**Instructions to follow:** Drop the images. Copy every line below character for character.

Image-text web data:

##############################

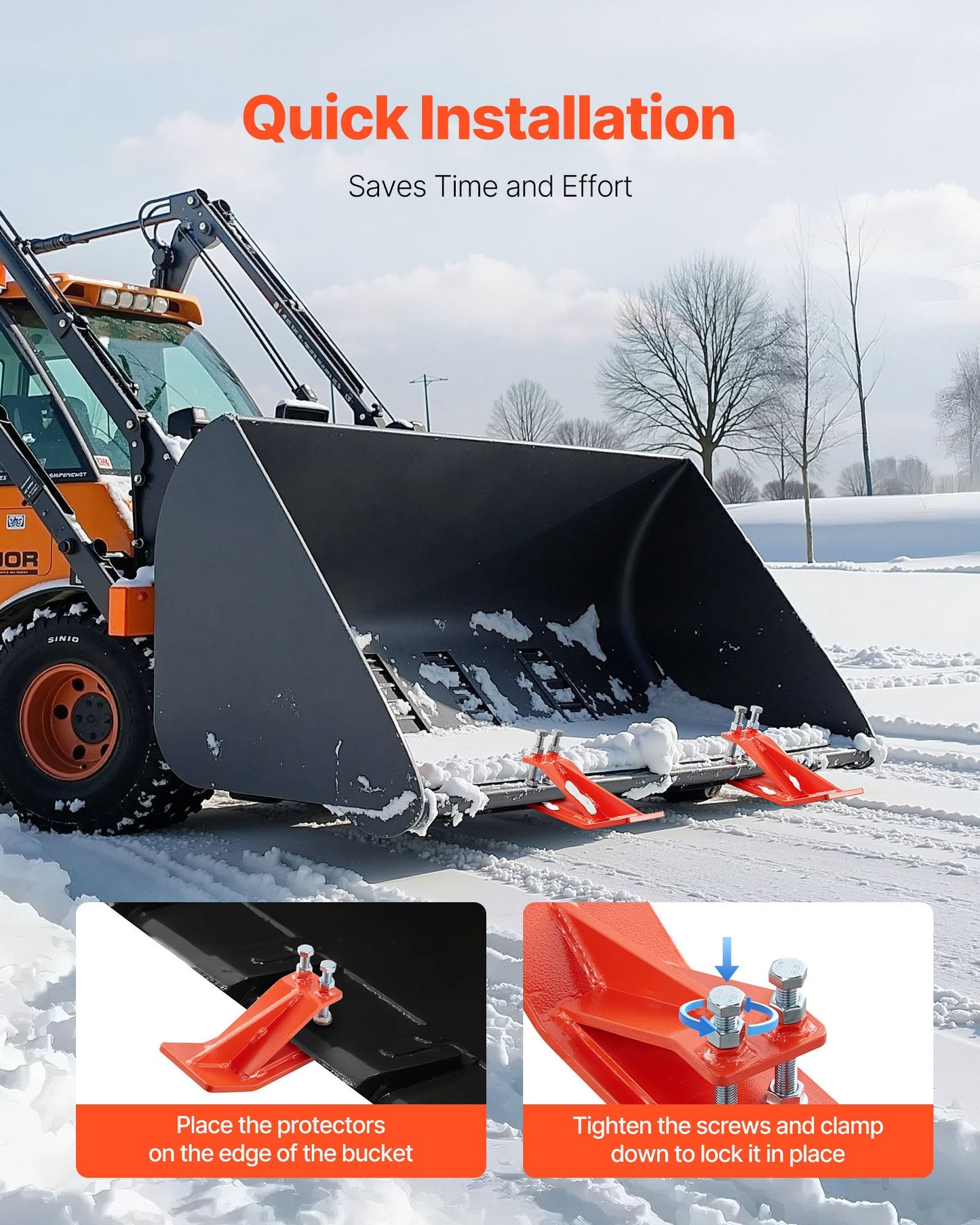 Skydd för traktorskopor, 2 st kraftiga kantskydd i stål för skopor, halkskydd för kantdämpare med dubbla sexkantsmuttrar och bultar, för snö, lövborttagning och grusspridning (orange)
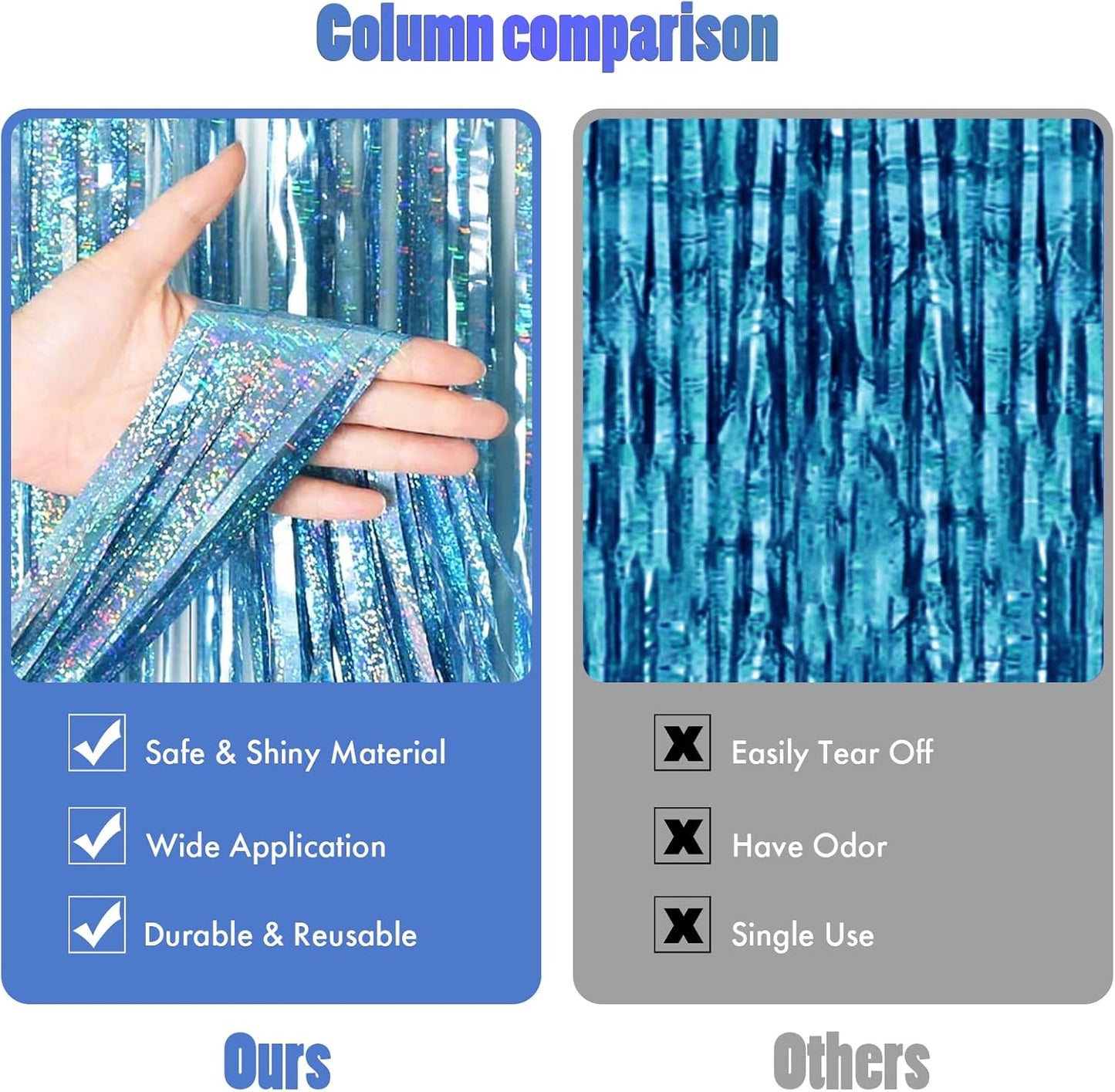 CANREVEL 2 Pack 3.3x8.2 Feet Light Blue Foil Fringe Backdrop Curtains, Glitter Tinsel Streamers Birthday Party Decorations, Fringe Backdrop for Baby Shower Mermaid Under The Sea Ocean Frozen Party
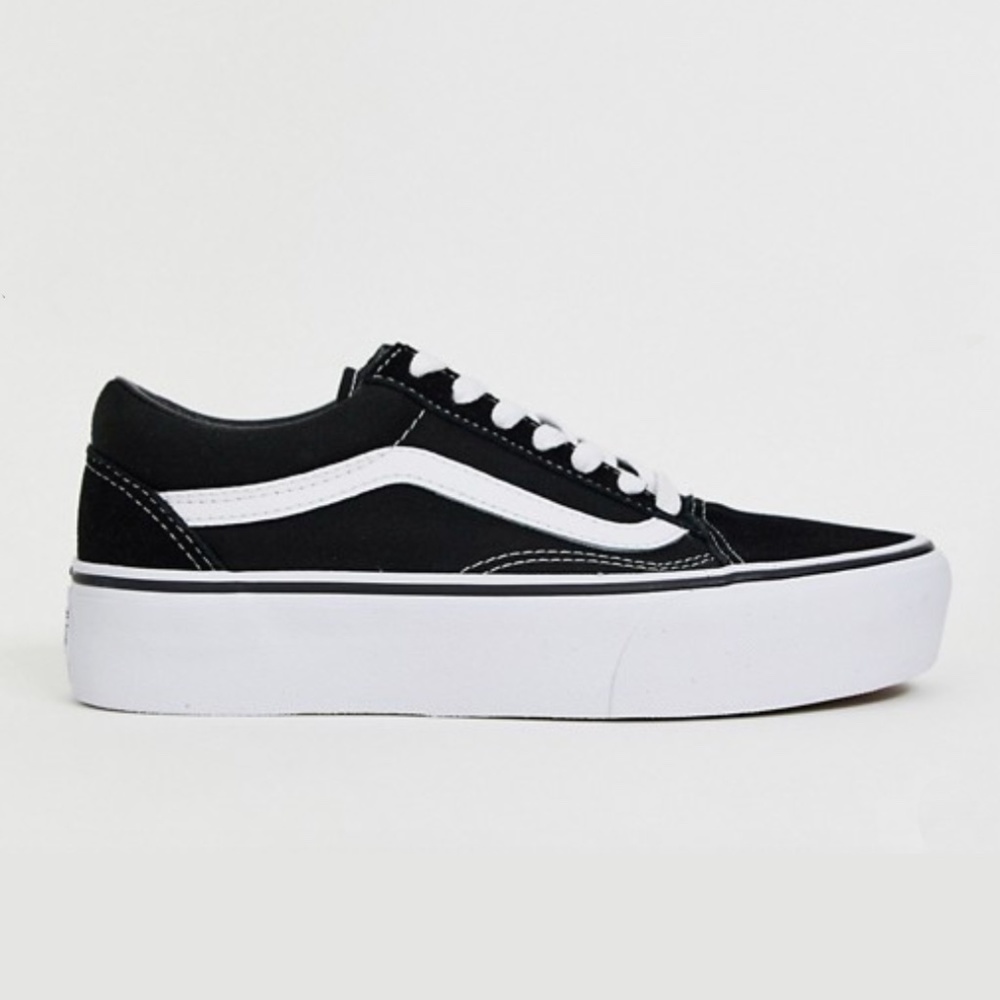 Vans Old Skool black platform sneakers sz 8
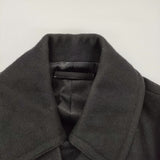 TALSA メルトンウール ダブルブレスト Pコート レザー 牛革 サイズM ピーコート ブラック メンズ タルサ【中古】5-1214T♪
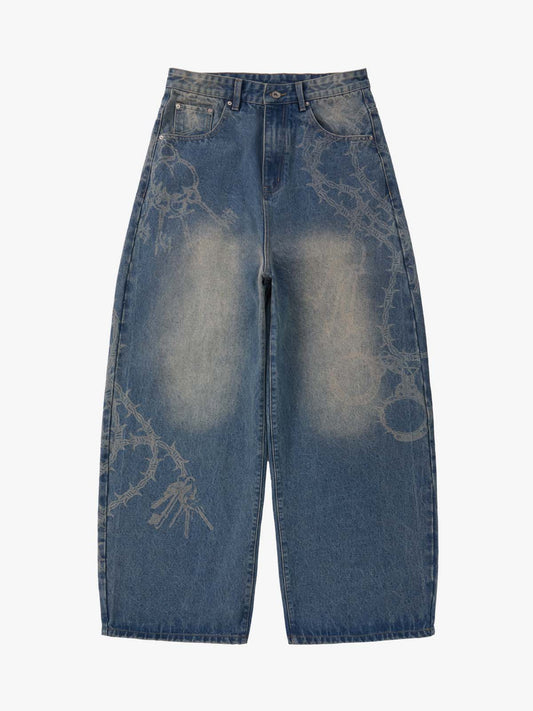 Original Retro Thorn and Key Pattern Laser-Burnout Baggy Jeans - 2595 - Light Iron Blue / S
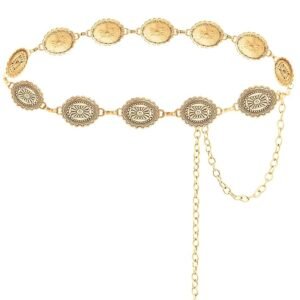 TOPACC Western Chain belt for Women Metal Concho Belt Cowgirl Chain Belt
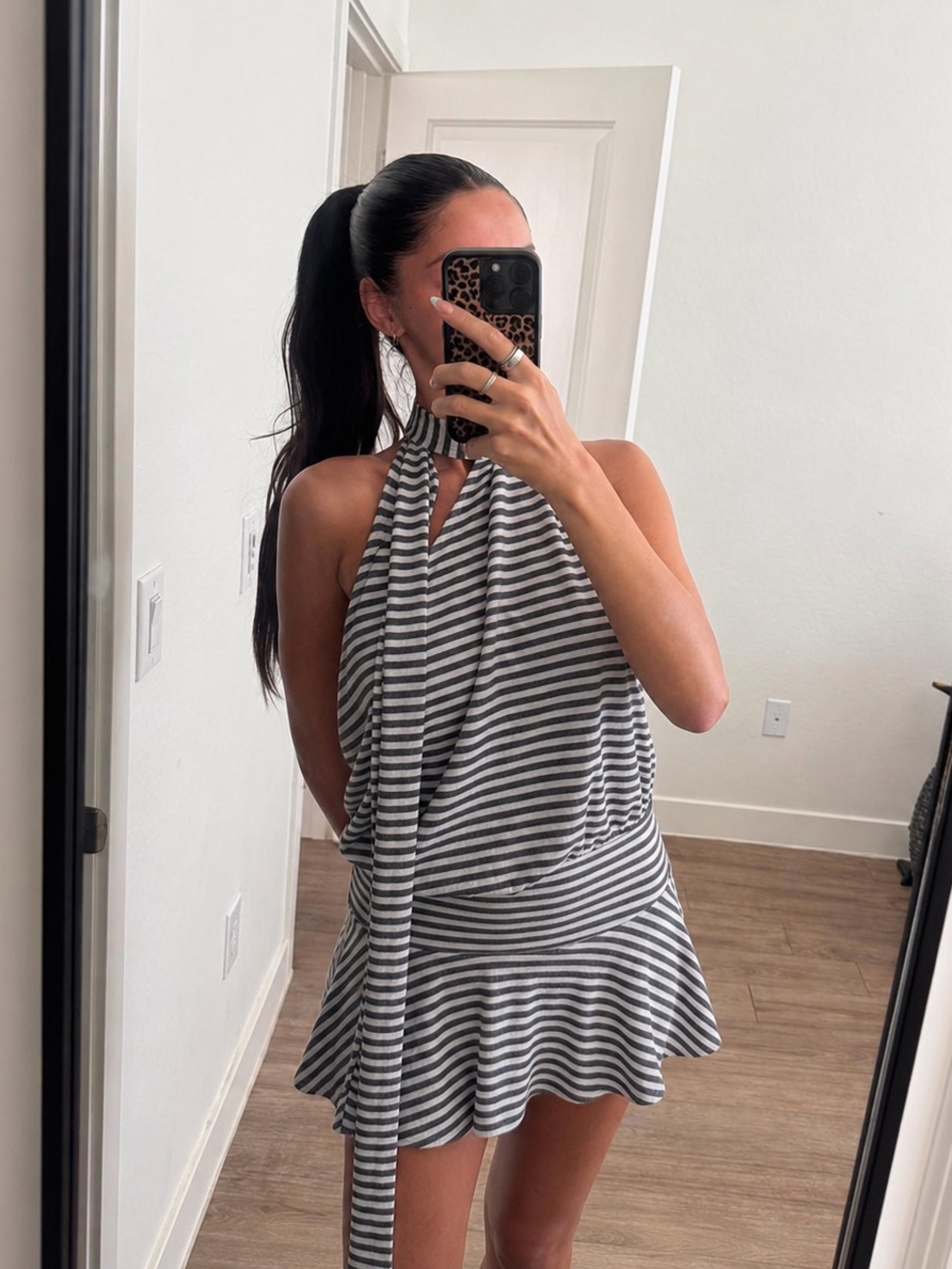 Jaded London Enya Backless Mini Dress In Steel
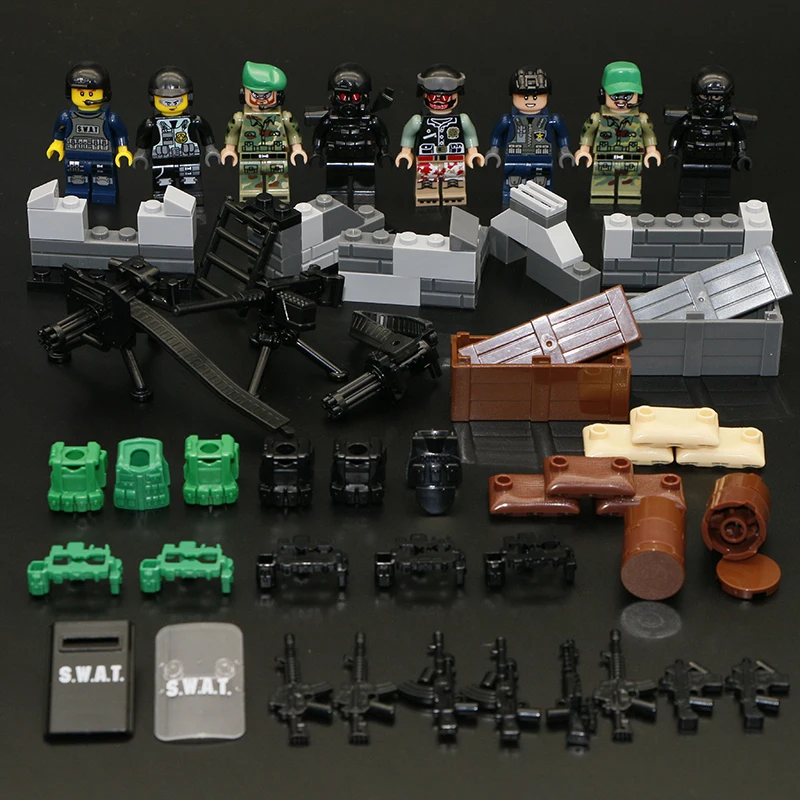 Military Building Blocks Set German Soviet Army WW2 Soldier Weapon Special Force CS SWAT Team Guns Toy Figures Accesories Bricks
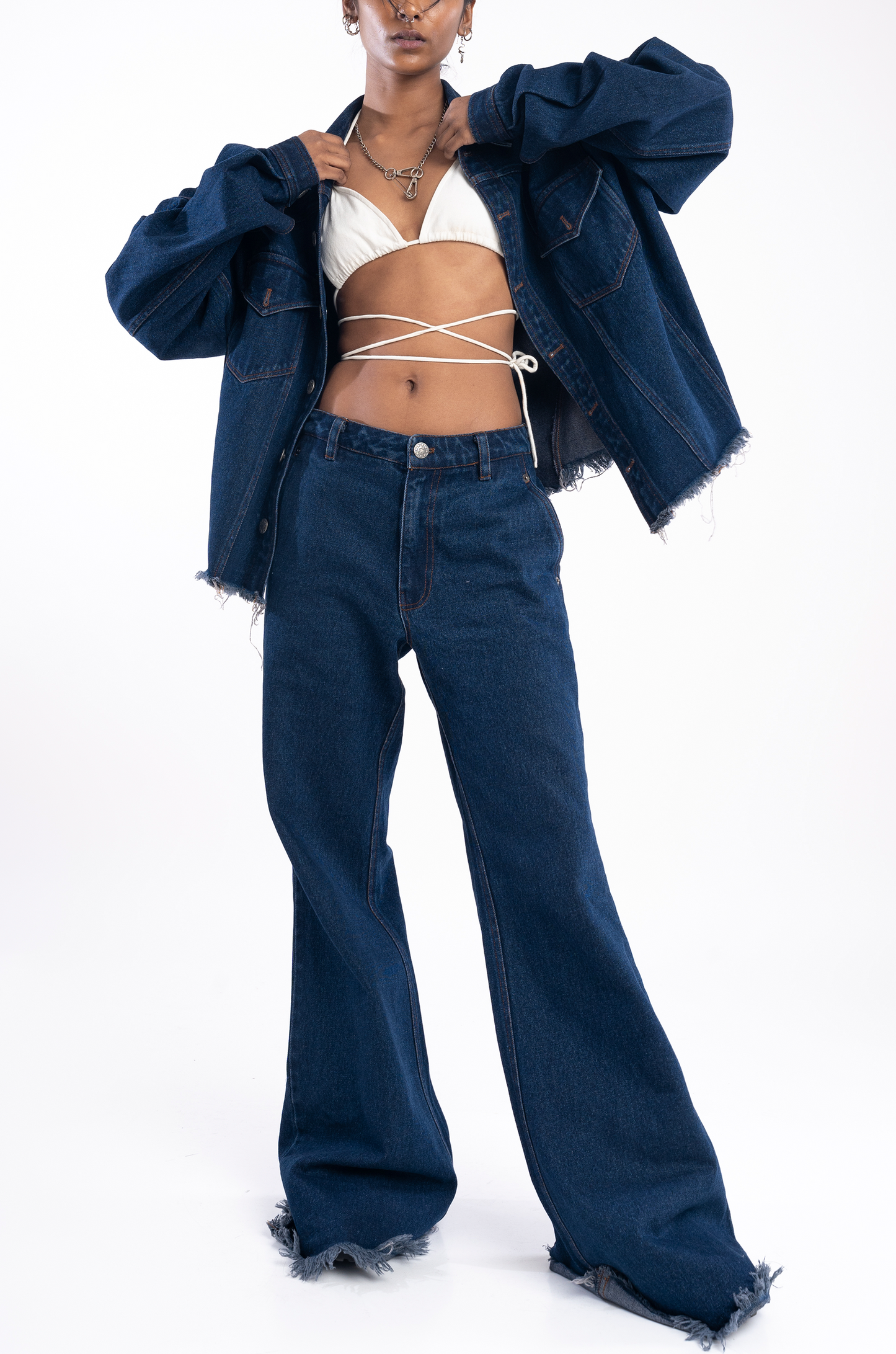 Classic Distressed Flared Jeans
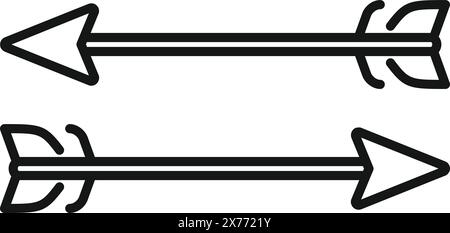 Handdrawn vector arrows set with simple graphic arrow illustration and directional signs for navigation and user interface design elements in black and white Stock Vector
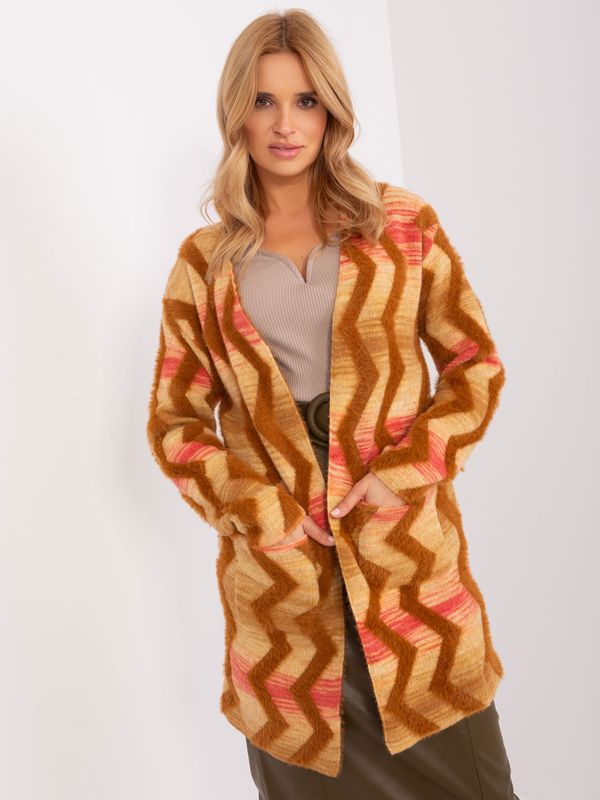 Fashionhunters Camel pattern cardigan without fastening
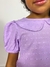 Blusa bata lilás gola boneca manga curta bordado pipoca bolinha - Ticotô - Roupas infantis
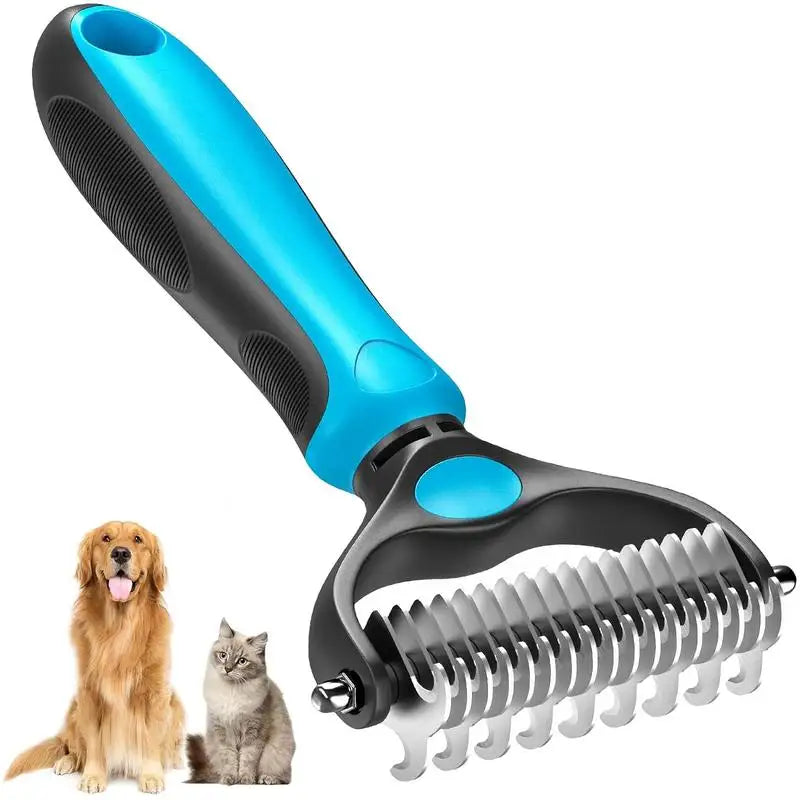 Cepillo Deshedding 2 en 1 para Perros y Gatos - Elimina Pelo Muerto y Nudos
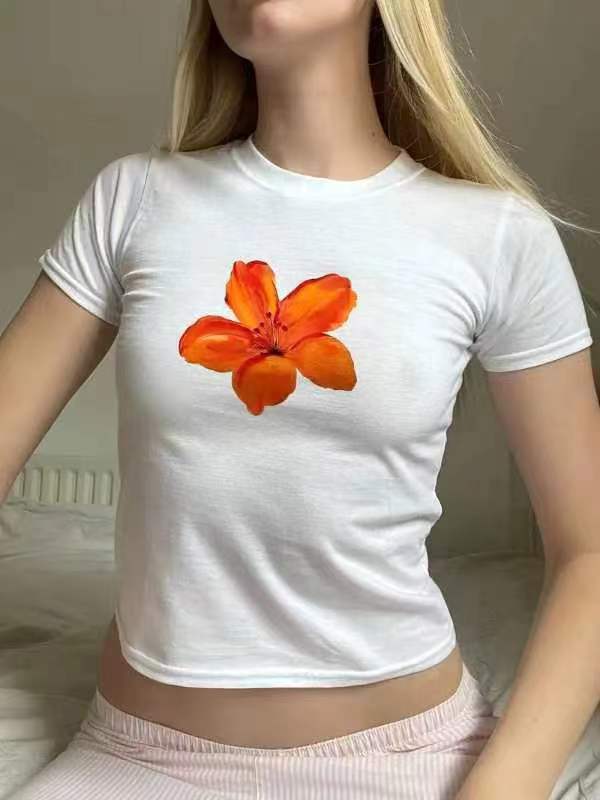 European And American Flower Print Round Neck Short Sleeve Midriff-baring Top T-shirt
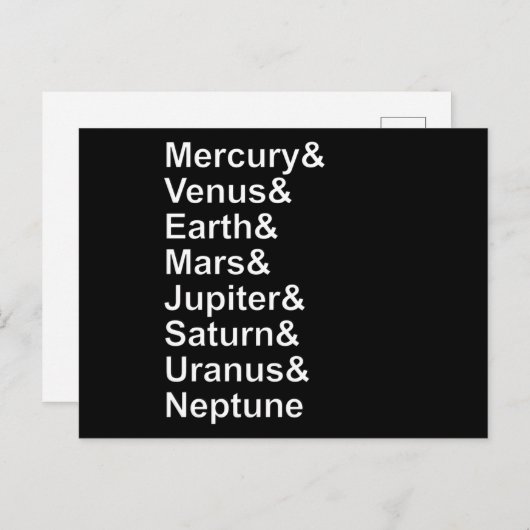 Planet Names Ampersand - Solar System Planets Postkarte (Vorne/Hinten)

##############################

**Solution to the exercise:**
 Skydd för traktorskopor, 2 st kraftiga kantskydd i stål för skopor, halkskydd för kantdämpare med dubbla sexkantsmuttrar och bultar, för snö, lövborttagning och grusspridning (orange)
 CANREVEL 2 Pack 3.3x8.2 Feet Light Blue Foil Fringe Backdrop Curtains, Glitter Tinsel Streamers Birthday Party Decorations, Fringe Backdrop for Baby Shower Mermaid Under The Sea Ocean Frozen Party
 Vans Old Skool black platform sneakers sz 8
 TALSA メルトンウール ダブルブレスト Pコート レザー 牛革 サイズM ピーコート ブラック メンズ タルサ【中古】5-1214T♪
 Original Retro Thorn and Key Pattern Laser-Burnout Baggy Jeans - 2595 - Light Iron Blue / S
 TOPACC Western Chain belt for Women Metal Concho Belt Cowgirl Chain Belt
 Jaded London Enya Backless Mini Dress In Steel
 Military Building Blocks Set German Soviet Army WW2 Soldier Weapon Special Force CS SWAT Team Guns Toy Figures Accesories Bricks
 Classic Distressed Flared Jeans
 Handdrawn vector arrows set with simple graphic arrow illustration and directional signs for navigation and user interface design elements in black and white Stock Vector
 Fashionhunters Camel pattern cardigan without fastening
 Blusa bata lilás gola boneca manga curta bordado pipoca bolinha - Ticotô - Roupas infantis
 Cepillo Deshedding 2 en 1 para Perros y Gatos - Elimina Pelo Muerto y Nudos
 European And American Flower Print Round Neck Short Sleeve Midriff-baring Top T-shirt
 Planet Names Ampersand - Solar System Planets Postkarte (Vorne/Hinten)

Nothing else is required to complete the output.